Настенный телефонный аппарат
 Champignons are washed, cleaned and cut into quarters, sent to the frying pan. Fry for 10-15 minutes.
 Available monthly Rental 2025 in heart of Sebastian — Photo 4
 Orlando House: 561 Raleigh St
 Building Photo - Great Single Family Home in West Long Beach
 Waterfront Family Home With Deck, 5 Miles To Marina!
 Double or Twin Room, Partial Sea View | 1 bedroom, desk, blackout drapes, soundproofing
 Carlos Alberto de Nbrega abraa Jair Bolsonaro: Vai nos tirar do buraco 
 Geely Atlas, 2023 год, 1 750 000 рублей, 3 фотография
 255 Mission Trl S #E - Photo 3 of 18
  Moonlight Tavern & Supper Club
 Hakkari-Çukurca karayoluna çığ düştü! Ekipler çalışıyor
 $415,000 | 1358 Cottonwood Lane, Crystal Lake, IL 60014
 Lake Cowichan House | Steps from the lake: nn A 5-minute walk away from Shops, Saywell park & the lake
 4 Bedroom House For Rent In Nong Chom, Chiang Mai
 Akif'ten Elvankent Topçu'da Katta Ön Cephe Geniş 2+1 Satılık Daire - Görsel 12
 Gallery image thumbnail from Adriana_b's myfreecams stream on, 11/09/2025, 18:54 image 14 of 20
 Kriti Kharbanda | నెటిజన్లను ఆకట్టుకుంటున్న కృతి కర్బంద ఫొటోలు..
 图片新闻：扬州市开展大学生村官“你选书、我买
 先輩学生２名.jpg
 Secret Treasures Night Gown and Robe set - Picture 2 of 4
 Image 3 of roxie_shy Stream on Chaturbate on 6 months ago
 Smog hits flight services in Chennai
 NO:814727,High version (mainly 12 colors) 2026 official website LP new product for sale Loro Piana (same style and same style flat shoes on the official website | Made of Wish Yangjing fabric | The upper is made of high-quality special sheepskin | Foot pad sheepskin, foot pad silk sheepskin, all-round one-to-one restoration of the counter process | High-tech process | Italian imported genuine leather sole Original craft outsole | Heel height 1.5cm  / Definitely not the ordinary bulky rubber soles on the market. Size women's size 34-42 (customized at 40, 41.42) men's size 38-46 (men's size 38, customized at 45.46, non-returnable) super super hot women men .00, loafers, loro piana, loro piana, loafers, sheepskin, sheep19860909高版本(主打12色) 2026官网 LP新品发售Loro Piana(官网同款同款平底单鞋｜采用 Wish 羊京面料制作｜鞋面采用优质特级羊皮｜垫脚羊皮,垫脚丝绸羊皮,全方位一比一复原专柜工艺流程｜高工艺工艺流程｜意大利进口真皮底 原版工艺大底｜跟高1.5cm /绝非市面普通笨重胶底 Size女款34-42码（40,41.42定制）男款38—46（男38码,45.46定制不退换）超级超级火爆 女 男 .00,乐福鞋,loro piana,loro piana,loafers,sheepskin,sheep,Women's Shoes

**Assignment:** Could you return exactly the stretch of the data above that starts at the line with "255 Mission Trl S #E - Photo 3 of 18" and ends at the line with "Gallery image thumbnail", both lines included?

**Task solution:**
 255 Mission Trl S #E - Photo 3 of 18
  Moonlight Tavern & Supper Club
 Hakkari-Çukurca karayoluna çığ düştü! Ekipler çalışıyor
 $415,000 | 1358 Cottonwood Lane, Crystal Lake, IL 60014
 Lake Cowichan House | Steps from the lake: nn A 5-minute walk away from Shops, Saywell park & the lake
 4 Bedroom House For Rent In Nong Chom, Chiang Mai
 Akif'ten Elvankent Topçu'da Katta Ön Cephe Geniş 2+1 Satılık Daire - Görsel 12
 Gallery image thumbnail from Adriana_b's myfreecams stream on, 11/09/2025, 18:54 image 14 of 20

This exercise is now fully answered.